ACTION ITEM. In the records below, find the line with "картинка Подвесной светильник" and repeat exactly every line from it through the line with "Funko Pop! Jimin". Pictures stay out.

EXERCISE MATERIALS.
++++++++++++++++++++

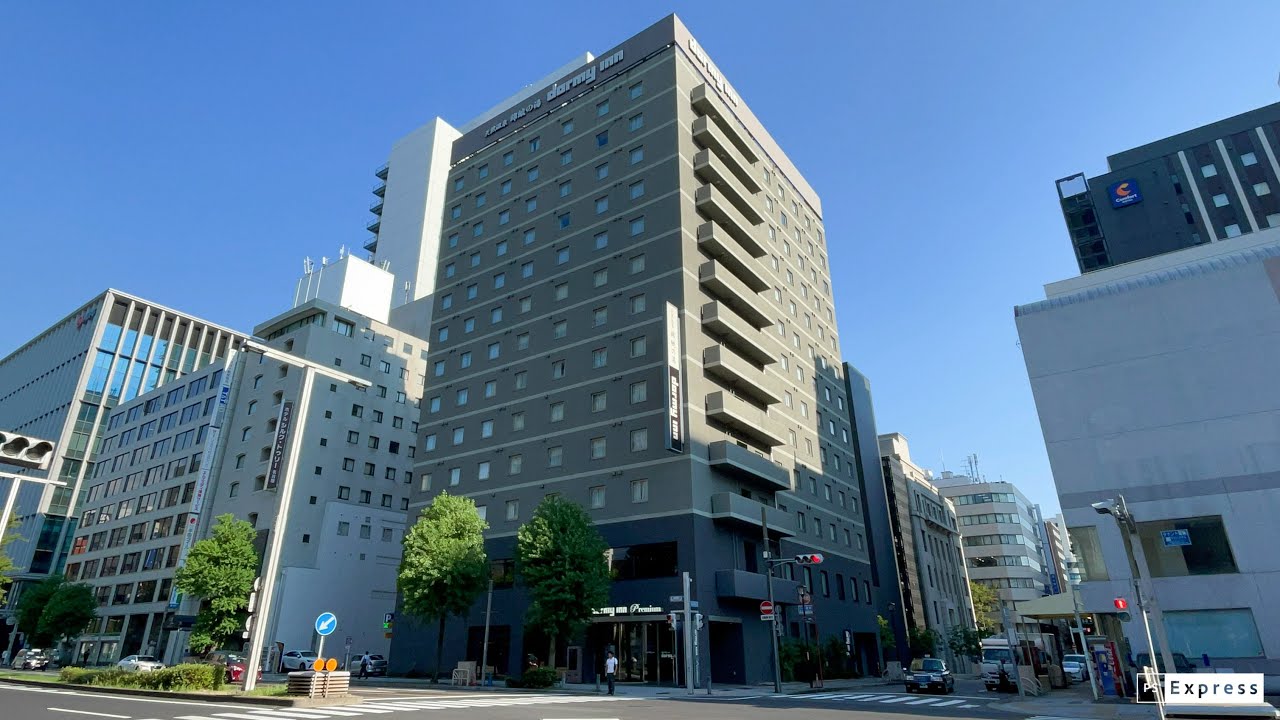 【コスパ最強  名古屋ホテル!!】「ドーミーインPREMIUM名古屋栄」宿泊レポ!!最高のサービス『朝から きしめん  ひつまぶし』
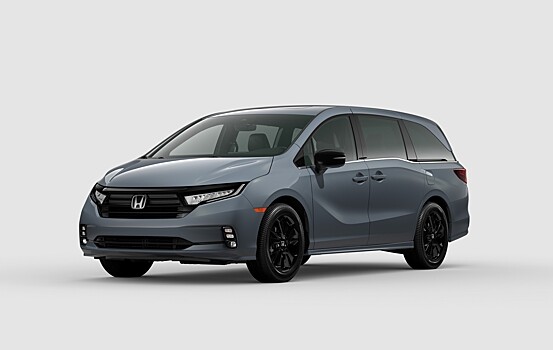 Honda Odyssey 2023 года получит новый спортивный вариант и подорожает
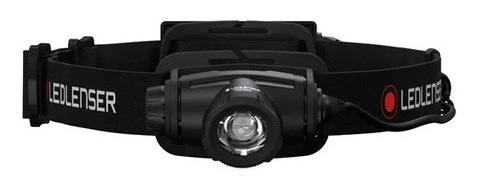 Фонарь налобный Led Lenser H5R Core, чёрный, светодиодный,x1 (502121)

++++++++++++++++++++

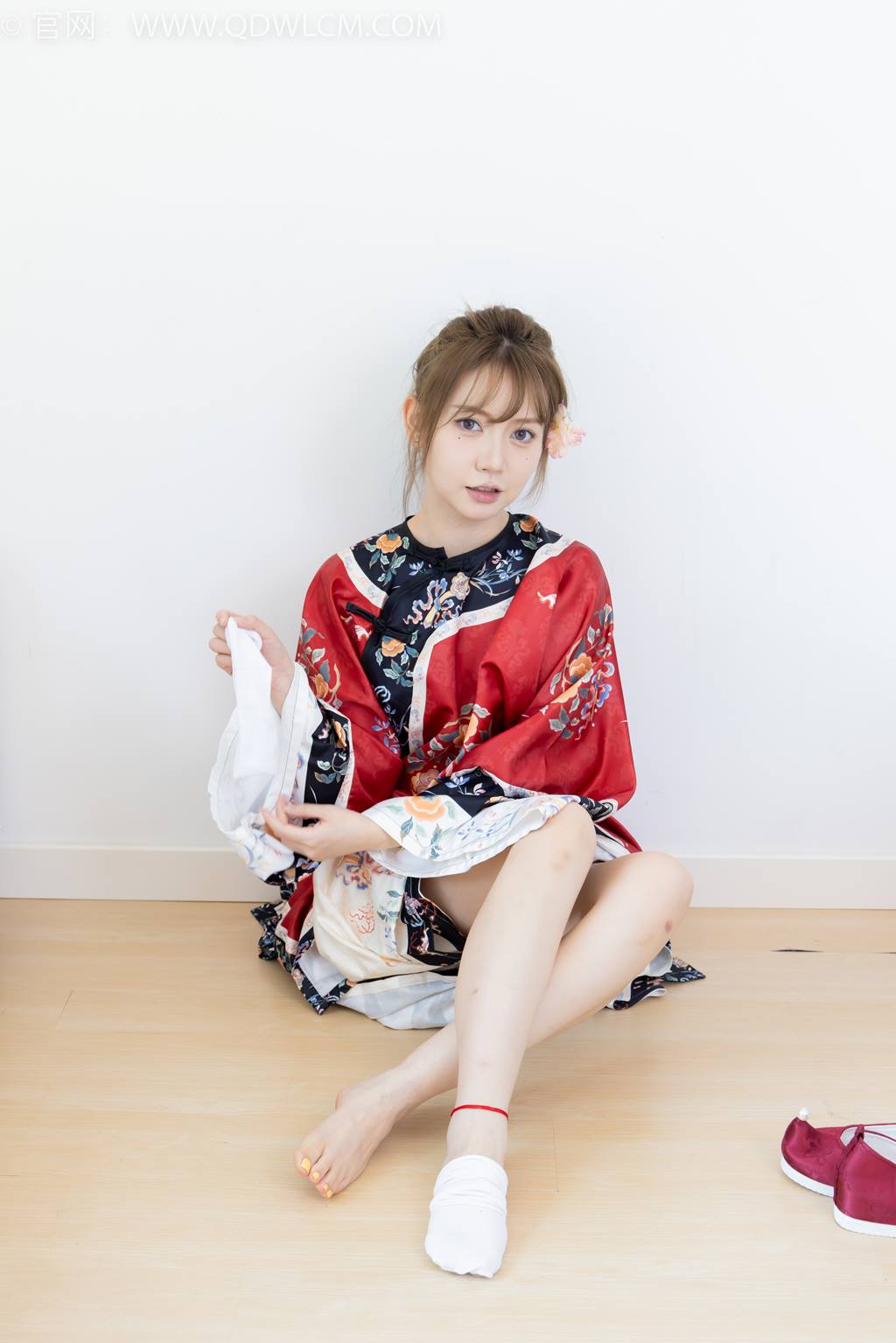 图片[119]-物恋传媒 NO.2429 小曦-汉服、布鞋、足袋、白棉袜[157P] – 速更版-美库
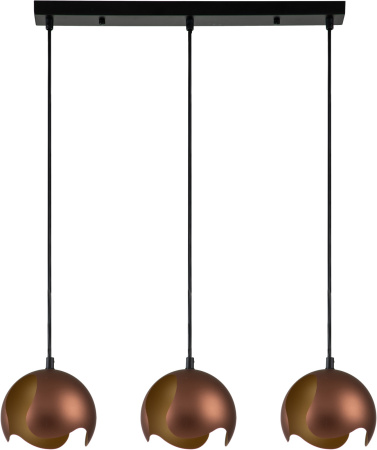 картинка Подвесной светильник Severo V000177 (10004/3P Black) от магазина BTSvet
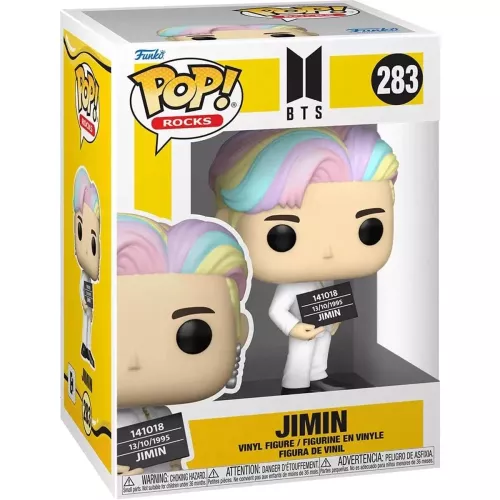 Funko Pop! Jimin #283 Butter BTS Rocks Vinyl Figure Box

++++++++++++++++++++

OUTPUT.
 картинка Подвесной светильник Severo V000177 (10004/3P Black) от магазина BTSvet
 Funko Pop! Jimin #283 Butter BTS Rocks Vinyl Figure Box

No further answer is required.